Niemiecka płaca minimalna dla kierowców bez zmian
Na samym początku sierpnia pisaliśmy o interwencji polskich ministerstw do Komisji Europejskiej (TUTAJ). Dotyczyła ona nowych norweskich przepisów o płacy minimalnej dla kierowców. Wspominaliśmy wówczas, że podobne skargi pojawiły się w maju, kiedy to Niemcy zdecydowali się na wprowadzenie płacy minimalnej. Teraz znamy już stanowisko rządu w Berlinie.

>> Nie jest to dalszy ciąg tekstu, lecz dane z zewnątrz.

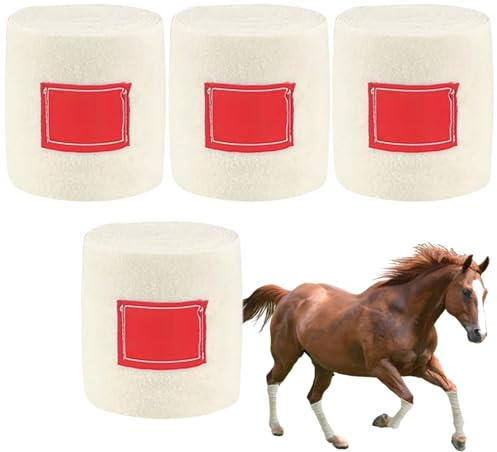 Generisch Veterinär Bandage Für, Wickel Für Beine, 4 Stück Weiche Schutzbandagen Flexibel Für Wettkampf Training Ausritt Stallpflege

Według Komisji Europejskiej objęcie nowymi przepisami wszystkich kierowców (nawet zagranicznych) przejeżdżających przez Niemcy tranzytem, to naruszenie swobody przepływu usług. 20 lipca włodarze tegoż państwa przedstawili swoją odpowiedź na stawiane zarzuty. Ich zdaniem regulacje dotyczące płacy minimalnej dla kierowców są zgodne z prawem Unii Europejskiej. Jednocześnie wyrazili gotowość do rozmów, celem osiągnięcia konsensusu.
Cały problem rozbija się o status kierowcy jako pracownika. Zgodnie z obowiązującym prawem, pracownik delegowany musi otrzymywać płacę minimalną tego kraju unijnego, gdzie wykonuje swoje obowiązki. Niemcy uważają, że kierowca powinien być traktowany jak pracownik delegowany przynajmniej w tych przypadkach, kiedy zleceniodawca usługi transportowej ma siedzibę w Niemczech. To zapewniałoby kierowcom działającym na zlecenie niemieckich podmiotów stawkę godzinową w wysokości 8,50 euro.
Obecnie stosowanie przepisów o płacy minimalnej dla kierowców zostało przez Berlin zawieszone. Przewiduje się, że sprawa zostanie rozwiązana, choć będzie to długotrwały proces. W październiku Komisja Europejska może przekazać Niemcom kolejne upomnienie. Problem w najgorszym wypadku trafi przed Trybunał Sprawiedliwości UE.